Hmm, I think I have the right views on some things (the time at Indy in the bad weather) but the wrong view on some other things (feeling like Father is punishing me by making me take those other two classes.)
I know Father is not punishing me though. I know all the trials and tribulations are here for my benefit, for me to learn and grow. I tell myself that. Some times, lots of times, my soul seem not to believe it. And if I find rainy windy weather as fun, why can’t I find those classes as fun too? Those classes will push me around like the wind. I’m sure those classes will hit me in the face like the rain. And yet the weather makes me laugh and the other puts me in despair.
What can I do? I know – keep praying. Keep having faith in Father and Jesus. Remember Abinadi and Alma and the Anti-Nephi-Lehies and the faith they had.

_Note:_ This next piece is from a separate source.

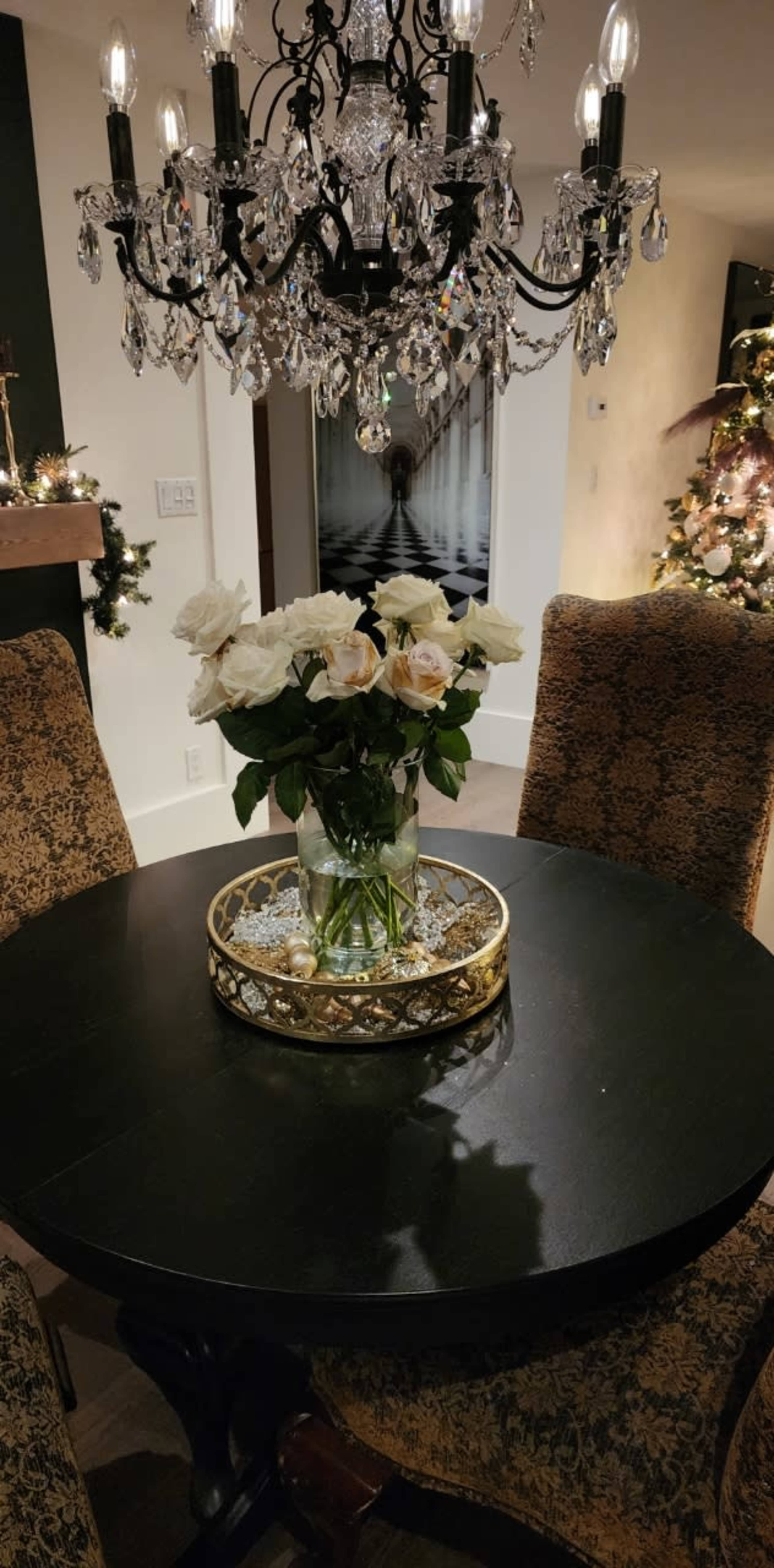 A round black table with a floral arrangement in a glass vase is set under a sparkling chandelier, surrounded by upholstered chairs in a well-lit dining area.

Note - around 1:30pm we were sitting in the stands under cover. It was still raining and windy. I said a quite prayer in my mind asking Father to please let the rain stop so the main race will run. I told him I'm asking this not for selfish reason. Not because I simply want to see a race. I told him I'm asking this because many people have traveled long distances to see this race and it's possible that if they see this race, it will make them happier people, and that could lead to better and brighter things in their lives, maybe even to the True Church of Jesus Christ. I know praying and asking for good weather to simply watch a race is wrong. Again, I prayed that Father would end the rain so all those thousands of families and friends at the track could see what they wanted to see and have a good time together as family and friends. Around 2:30pm the rain let up and at 3pm the race started - a wet track but no rain. The race was scheduled for 28 laps I believe. They got in all except eight laps when the rain came back and the race was ended. But, we did get to see twenty or so exciting laps featuring the best motorcycle drivers in the world.
I'm not sure if Father cleared the weather because of my payer or not. I know he was listening tho. And I'm thankful he let us travel there, watch the race, and return safely.
Do I now that the Priesthood can change the weather? I know Jesus created the world thru the powers of the Priesthood. Yes, the Priesthood can change the weather.